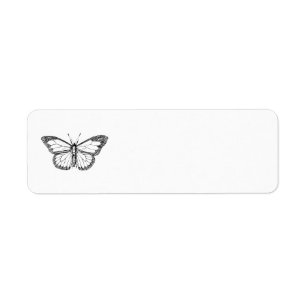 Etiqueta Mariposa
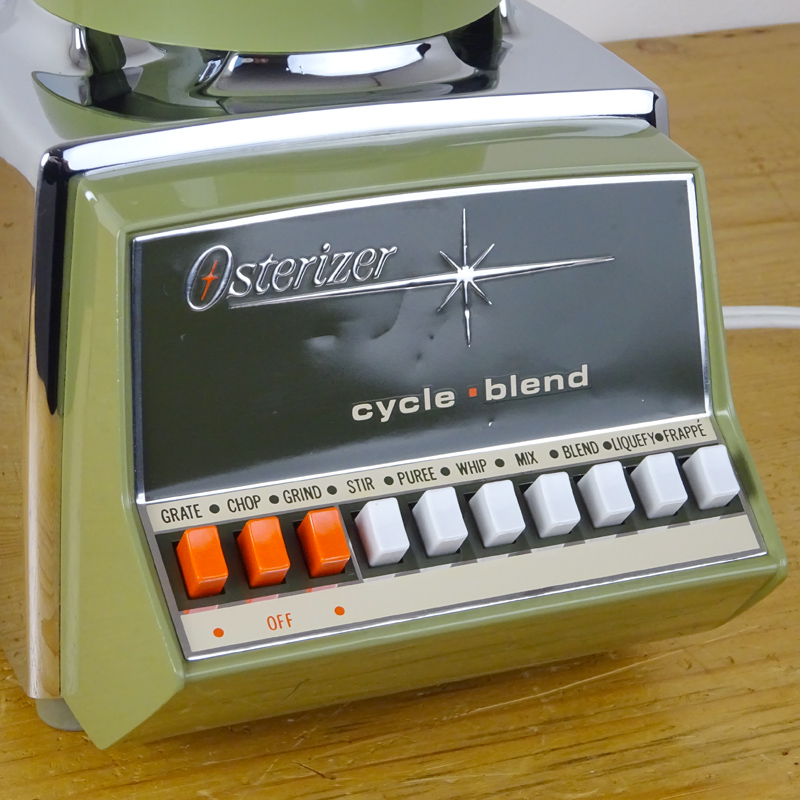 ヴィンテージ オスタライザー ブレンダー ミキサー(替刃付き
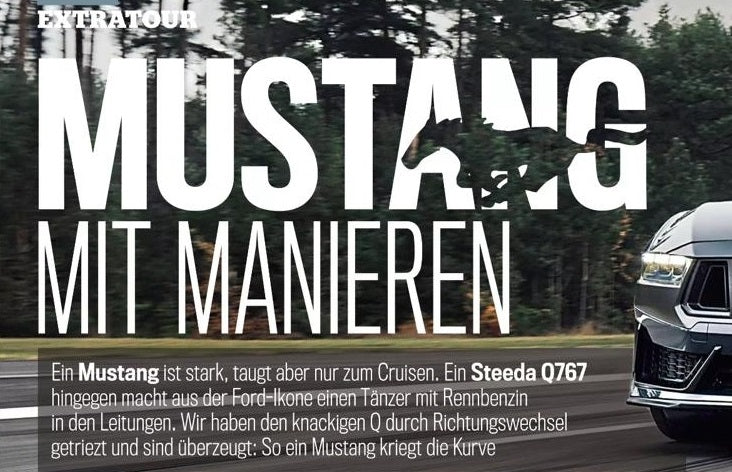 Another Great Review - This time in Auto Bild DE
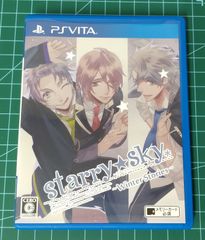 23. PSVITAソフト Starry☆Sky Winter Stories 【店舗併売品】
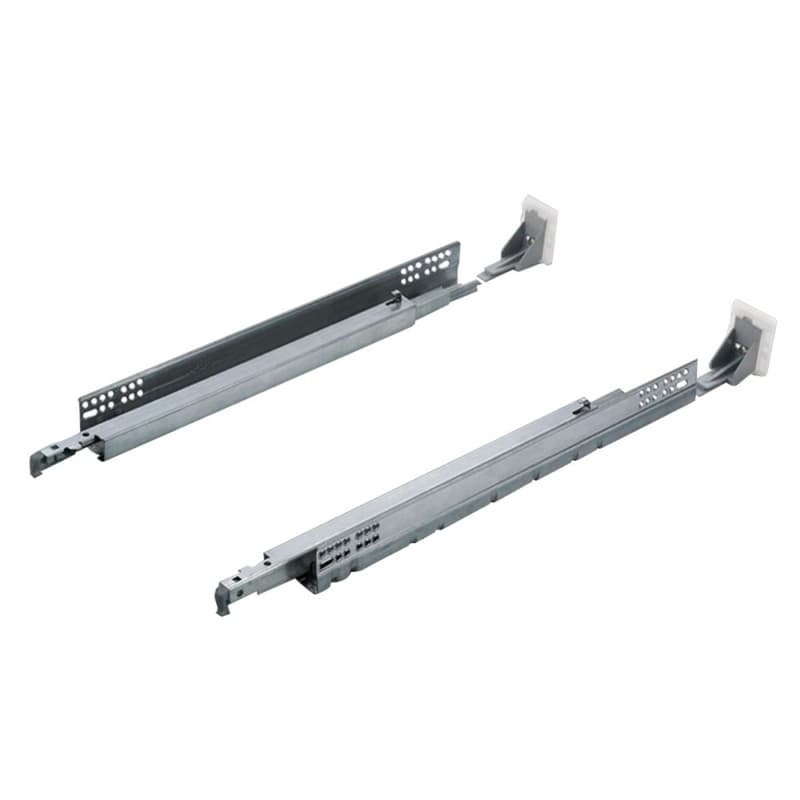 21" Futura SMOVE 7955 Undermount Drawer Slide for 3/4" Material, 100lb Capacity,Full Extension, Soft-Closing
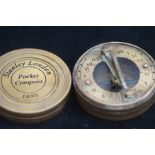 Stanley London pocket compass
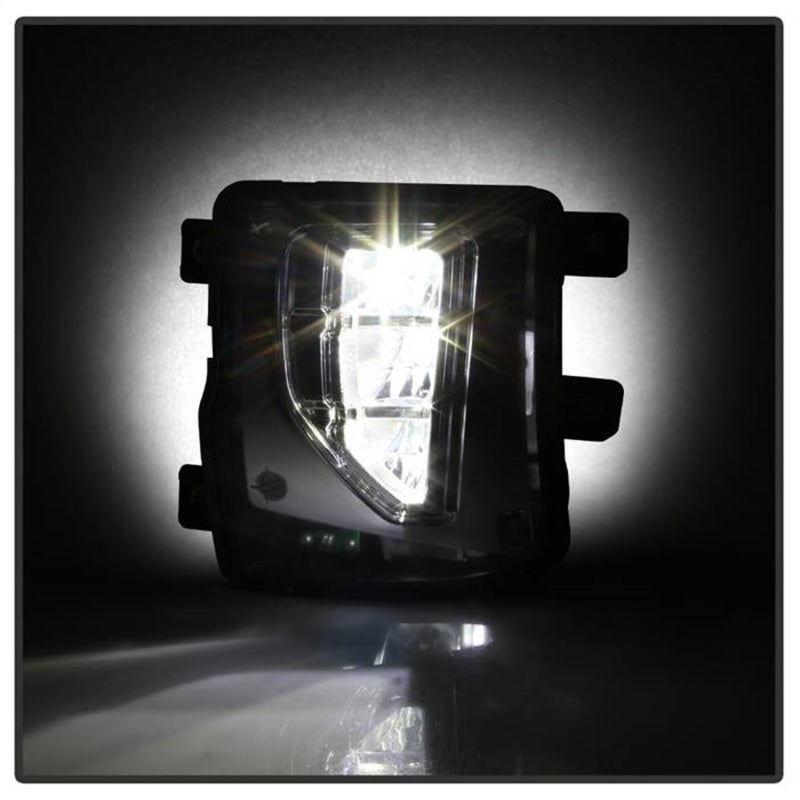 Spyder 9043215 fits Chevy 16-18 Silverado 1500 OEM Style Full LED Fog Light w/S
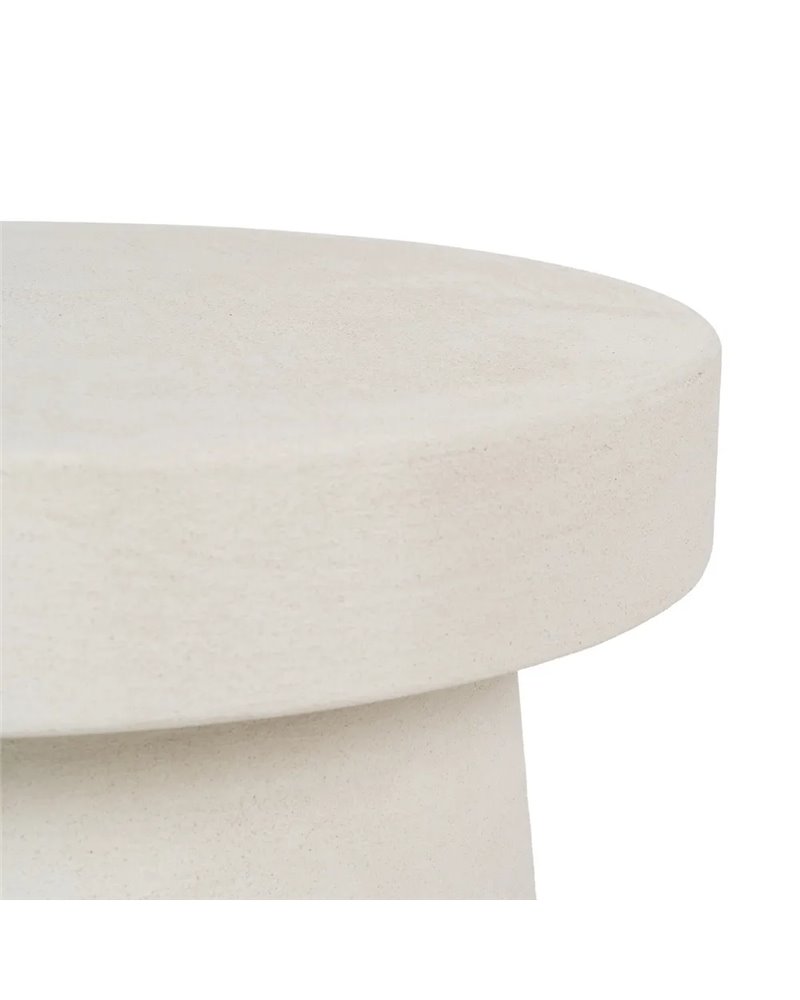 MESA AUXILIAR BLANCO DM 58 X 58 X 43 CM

YOUR TASK -
Print the entries again exactly as they appear above. Do not print the pictures.

RESULT -
 Etiqueta Mariposa
 ヴィンテージ オスタライザー ブレンダー ミキサー(替刃付き
 Another Great Review - This time in Auto Bild DE
 23. PSVITAソフト Starry☆Sky Winter Stories 【店舗併売品】
 21" Futura SMOVE 7955 Undermount Drawer Slide for 3/4" Material, 100lb Capacity,Full Extension, Soft-Closing
 Stanley London pocket compass
 Spyder 9043215 fits Chevy 16-18 Silverado 1500 OEM Style Full LED Fog Light w/S
 MESA AUXILIAR BLANCO DM 58 X 58 X 43 CM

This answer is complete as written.